Task description: In the records that follow, the lines from the one containing "Navigating the Holiday" to the one containing "Fresh Green Leaf", inclusive, are to be given again exactly.

═════ Data to use ═════

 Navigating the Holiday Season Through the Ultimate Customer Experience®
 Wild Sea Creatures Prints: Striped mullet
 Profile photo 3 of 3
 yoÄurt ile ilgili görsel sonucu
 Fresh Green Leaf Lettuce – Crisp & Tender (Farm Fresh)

═════
═════ Data to use ═════

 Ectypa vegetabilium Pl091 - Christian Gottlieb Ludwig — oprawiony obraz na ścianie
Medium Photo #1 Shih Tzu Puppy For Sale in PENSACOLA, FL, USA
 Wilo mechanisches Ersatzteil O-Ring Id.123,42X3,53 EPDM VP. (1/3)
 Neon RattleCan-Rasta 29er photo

═════

Solved problem:
 Navigating the Holiday Season Through the Ultimate Customer Experience®
 Wild Sea Creatures Prints: Striped mullet
 Profile photo 3 of 3
 yoÄurt ile ilgili görsel sonucu
 Fresh Green Leaf Lettuce – Crisp & Tender (Farm Fresh)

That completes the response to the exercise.